São medidas que, aliadas ao péssimo desempenho do time em campo, ajudam a despertar a fúria dos torcedores. Mesmo assim, por enquanto, Ratcliffe aparenta estar firme em sua empreitada à frente do clube do coração.
Para se tornar sócio minoritário, o empresário aceitou pagar caro à família Glazer. À época em que o negócio foi firmado, ele enfrentou a concorrência do xeque Jassim bin Hamad bin Khalifa Al Thani, do Catar, que pretendia pagar £ 5 milhões para se tornar o proprietário único do Manchester United.
Porém, o magnata árabe não apresentou garantias financeiras de que poderia arcar com esse investimento. Os Glazers, então, optaram por vender uma fatia menor, de 25%, a Raticliffe, mantendo o posto de acionistas majoritários do clube.
Em 2023, quando o negócio foi concluído, a dívida líquida do Manchester United estava em £ 725 milhões. Desde que os investidores norte-americanos assumiram o controle do clube inglês, o endividamento sempre esteve em patamares elevados.
Em 2006, depois de um ano sob o controle acionário dos Glazers, os Red Devils apresentaram uma dívida líquida de £ 603,8 milhões. Ela continuou a crescer, até ultrapassar a marca de £ 754 milhões, em 2010. A partir daí, registrou quedas expressivas, chegando a £ 342 milhões, em 2014. Depois disso, voltou a subir, ficando na casa de £ 500 milhões.
De 2022 em diante, a dívida do clube tornou a disparar, ultrapassando £ 600 milhões. O alto endividamento da equipe e a seca de títulos ajudaram a tornar o nome Glazer uma palavra quase maldita para setores da torcida do Manchester United.
Clube gasta muito e mal
Para se ter uma ideia, desde a chegada dos Glazers, o Manchester United investiu um total de £ 2,1 bilhões na contratação de jogadores. Desse total, £ 1,7 bilhão foram gastos na última década, número que rivaliza com Manchester City e Chelsea, que conquistaram oito das últimas dez temporadas da Premier League, enquanto os Red Devils não venceram nenhuma.
Por esse motivo, a chegada de Ratcliffe, que é inglês e torce pelo clube, foi encarada por muitos como uma esperança de que, enfim, os Red Devils poderiam se livrar da influência dos investidores norte-americanos.

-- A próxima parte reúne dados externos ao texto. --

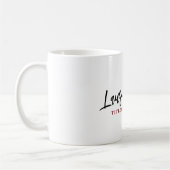 Minimalistische professionele handgeschreven gewon koffiemok (Links)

Um fator que contribui para aumentar a rejeição dos atuais sócios majoritários consiste nos dividendos pagos pelo clube aos seus acionistas.
O Manchester United é, hoje, o único clube da Premier League que realiza esse tipo de pagamento, de forma regular e expressiva, a seus donos. Os demais costumam reinvestir os lucros no próprio time.
De 2005 até 2023, a equipe distribuiu um total de £ 166 milhões em dividendos, dos quais 69% foram direto para o bolso dos Glazers. Ratcliffe aparenta estar empenhado em recuperar o período de glórias do Manchester United, mas o futuro do time é repleto de incertezas.
De acordo com o portal Bloomberg, os Glazers estariam dispostos a vender o controle do clube para algum investidor ainda neste ano. Nesse caso, não estaria descartada uma negociação com um terceiro investidor. Com isso, Ratcliffe seria forçado a deixar o comando do futebol do time.
Vale lembrar, porém, que o empresário e a Ineos têm prioridade na compra das ações dos Glazers, antes que elas sejam negociadas no mercado. Caso o bilionário não queira seguir com a aventura em seu time do coração, o favoritismo volta a recair sobre o xeque Jassim.